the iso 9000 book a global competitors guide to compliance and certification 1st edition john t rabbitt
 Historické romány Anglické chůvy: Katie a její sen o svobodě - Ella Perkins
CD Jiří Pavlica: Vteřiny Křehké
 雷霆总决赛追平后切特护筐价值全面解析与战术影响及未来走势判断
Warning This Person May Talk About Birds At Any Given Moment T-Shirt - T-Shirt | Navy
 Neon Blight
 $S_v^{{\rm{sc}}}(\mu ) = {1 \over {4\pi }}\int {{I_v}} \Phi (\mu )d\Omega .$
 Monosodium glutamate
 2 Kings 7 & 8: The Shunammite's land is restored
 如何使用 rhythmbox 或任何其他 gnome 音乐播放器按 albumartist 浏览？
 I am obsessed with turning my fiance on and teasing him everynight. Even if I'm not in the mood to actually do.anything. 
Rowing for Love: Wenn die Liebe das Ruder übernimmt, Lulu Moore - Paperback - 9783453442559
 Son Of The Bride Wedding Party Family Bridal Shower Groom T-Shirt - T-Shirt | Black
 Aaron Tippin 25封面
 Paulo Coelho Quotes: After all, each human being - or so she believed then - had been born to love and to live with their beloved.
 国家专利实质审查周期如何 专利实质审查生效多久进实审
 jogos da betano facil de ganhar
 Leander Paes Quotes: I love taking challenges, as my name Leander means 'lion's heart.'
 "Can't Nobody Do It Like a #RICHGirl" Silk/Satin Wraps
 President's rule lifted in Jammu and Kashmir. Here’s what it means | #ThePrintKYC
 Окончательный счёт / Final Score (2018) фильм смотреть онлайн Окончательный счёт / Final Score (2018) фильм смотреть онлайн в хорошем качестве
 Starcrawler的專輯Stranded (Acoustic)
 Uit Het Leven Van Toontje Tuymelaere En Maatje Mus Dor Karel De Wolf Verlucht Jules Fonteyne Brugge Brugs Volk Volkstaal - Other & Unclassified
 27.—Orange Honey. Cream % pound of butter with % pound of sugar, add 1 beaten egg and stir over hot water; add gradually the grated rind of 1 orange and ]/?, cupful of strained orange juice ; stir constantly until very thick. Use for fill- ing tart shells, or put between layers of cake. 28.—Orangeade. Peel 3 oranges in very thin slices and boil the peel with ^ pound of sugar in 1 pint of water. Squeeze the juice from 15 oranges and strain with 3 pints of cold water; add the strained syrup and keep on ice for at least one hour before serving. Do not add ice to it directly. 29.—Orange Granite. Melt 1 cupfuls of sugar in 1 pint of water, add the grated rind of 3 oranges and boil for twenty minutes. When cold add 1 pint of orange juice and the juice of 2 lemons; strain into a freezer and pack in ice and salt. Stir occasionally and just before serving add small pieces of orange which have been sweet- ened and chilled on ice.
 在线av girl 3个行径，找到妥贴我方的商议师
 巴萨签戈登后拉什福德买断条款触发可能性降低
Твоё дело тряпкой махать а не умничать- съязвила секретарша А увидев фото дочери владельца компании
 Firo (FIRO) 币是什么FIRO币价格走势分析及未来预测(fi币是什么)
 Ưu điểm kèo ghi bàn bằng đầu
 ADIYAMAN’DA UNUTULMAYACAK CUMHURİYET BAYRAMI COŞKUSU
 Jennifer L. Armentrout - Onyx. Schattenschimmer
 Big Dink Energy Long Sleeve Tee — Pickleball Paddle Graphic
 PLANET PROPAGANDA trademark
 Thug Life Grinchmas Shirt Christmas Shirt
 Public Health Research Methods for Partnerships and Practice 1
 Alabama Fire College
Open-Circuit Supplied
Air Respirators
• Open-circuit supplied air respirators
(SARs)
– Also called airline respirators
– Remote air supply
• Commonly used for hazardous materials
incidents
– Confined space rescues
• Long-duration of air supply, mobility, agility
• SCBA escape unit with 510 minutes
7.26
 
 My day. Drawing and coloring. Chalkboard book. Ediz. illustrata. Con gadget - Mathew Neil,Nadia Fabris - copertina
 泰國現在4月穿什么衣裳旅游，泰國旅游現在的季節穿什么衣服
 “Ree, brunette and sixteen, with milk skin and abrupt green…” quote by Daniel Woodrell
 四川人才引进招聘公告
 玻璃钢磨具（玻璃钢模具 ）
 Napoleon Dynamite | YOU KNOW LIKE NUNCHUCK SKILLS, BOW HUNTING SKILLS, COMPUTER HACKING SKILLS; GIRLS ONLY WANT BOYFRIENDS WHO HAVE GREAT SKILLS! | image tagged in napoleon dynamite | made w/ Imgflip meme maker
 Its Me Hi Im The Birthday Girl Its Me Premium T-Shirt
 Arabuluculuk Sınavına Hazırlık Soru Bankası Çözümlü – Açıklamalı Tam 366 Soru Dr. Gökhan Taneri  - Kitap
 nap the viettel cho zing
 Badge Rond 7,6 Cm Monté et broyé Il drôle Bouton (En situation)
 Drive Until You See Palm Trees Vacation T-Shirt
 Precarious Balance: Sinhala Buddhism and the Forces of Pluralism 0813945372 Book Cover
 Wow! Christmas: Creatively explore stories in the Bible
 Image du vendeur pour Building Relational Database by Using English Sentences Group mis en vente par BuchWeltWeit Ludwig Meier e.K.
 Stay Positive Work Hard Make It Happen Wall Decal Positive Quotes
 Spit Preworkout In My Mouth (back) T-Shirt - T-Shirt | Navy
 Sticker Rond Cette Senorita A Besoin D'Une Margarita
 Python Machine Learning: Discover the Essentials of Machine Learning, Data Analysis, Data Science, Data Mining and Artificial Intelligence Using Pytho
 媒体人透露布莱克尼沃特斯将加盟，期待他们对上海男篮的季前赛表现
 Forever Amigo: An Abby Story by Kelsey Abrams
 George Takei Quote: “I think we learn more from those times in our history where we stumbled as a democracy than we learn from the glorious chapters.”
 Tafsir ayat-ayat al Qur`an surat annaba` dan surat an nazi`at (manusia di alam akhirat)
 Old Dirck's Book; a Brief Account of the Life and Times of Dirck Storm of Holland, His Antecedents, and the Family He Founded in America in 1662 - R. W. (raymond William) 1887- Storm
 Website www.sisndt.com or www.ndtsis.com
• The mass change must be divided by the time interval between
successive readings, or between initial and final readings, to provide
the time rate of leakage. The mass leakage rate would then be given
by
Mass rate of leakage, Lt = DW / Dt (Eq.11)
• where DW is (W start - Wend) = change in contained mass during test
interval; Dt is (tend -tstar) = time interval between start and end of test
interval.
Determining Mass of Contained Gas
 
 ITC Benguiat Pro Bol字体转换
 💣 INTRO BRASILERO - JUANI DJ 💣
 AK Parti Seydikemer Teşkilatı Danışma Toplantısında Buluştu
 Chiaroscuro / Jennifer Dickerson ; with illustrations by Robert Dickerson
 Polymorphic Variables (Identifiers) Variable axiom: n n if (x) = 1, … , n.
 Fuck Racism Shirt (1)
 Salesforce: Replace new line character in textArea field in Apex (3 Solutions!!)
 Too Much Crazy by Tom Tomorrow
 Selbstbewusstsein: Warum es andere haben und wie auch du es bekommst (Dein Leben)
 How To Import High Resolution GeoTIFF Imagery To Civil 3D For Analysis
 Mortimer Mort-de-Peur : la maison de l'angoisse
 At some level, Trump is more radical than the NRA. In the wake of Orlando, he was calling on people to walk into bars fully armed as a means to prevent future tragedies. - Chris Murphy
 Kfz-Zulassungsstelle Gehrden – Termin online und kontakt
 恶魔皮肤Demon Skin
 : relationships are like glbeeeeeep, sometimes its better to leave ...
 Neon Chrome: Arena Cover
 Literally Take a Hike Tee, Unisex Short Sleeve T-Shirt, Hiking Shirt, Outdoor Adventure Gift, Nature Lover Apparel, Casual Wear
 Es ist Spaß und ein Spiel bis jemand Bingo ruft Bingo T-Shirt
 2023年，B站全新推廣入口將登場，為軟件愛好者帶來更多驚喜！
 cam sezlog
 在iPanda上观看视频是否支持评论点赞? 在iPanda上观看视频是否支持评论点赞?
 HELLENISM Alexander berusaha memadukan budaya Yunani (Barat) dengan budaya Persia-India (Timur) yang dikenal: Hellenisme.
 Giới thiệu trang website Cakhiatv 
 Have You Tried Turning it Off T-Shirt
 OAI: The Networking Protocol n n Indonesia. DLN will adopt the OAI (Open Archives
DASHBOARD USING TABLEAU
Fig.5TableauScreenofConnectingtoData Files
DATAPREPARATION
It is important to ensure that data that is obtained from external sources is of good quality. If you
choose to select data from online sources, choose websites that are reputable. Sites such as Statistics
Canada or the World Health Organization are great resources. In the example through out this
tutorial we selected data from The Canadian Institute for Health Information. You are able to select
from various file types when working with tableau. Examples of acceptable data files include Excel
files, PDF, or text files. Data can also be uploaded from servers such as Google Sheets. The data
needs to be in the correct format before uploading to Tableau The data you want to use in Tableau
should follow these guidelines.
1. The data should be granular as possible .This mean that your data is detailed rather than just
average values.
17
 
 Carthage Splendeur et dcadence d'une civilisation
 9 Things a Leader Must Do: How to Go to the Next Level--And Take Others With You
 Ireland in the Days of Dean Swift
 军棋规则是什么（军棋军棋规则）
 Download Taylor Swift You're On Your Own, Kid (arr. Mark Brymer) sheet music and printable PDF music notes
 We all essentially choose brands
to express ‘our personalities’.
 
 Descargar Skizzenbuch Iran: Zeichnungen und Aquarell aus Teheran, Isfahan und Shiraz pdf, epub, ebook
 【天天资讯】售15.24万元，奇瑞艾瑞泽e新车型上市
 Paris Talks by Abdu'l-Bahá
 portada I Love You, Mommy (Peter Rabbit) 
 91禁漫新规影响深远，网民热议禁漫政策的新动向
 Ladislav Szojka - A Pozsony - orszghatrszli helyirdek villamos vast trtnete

----

▶ [About this task]:
Lines above that include the string "Navy" need to be copied.

▶ [Answer box]:
Warning This Person May Talk About Birds At Any Given Moment T-Shirt - T-Shirt | Navy
 Spit Preworkout In My Mouth (back) T-Shirt - T-Shirt | Navy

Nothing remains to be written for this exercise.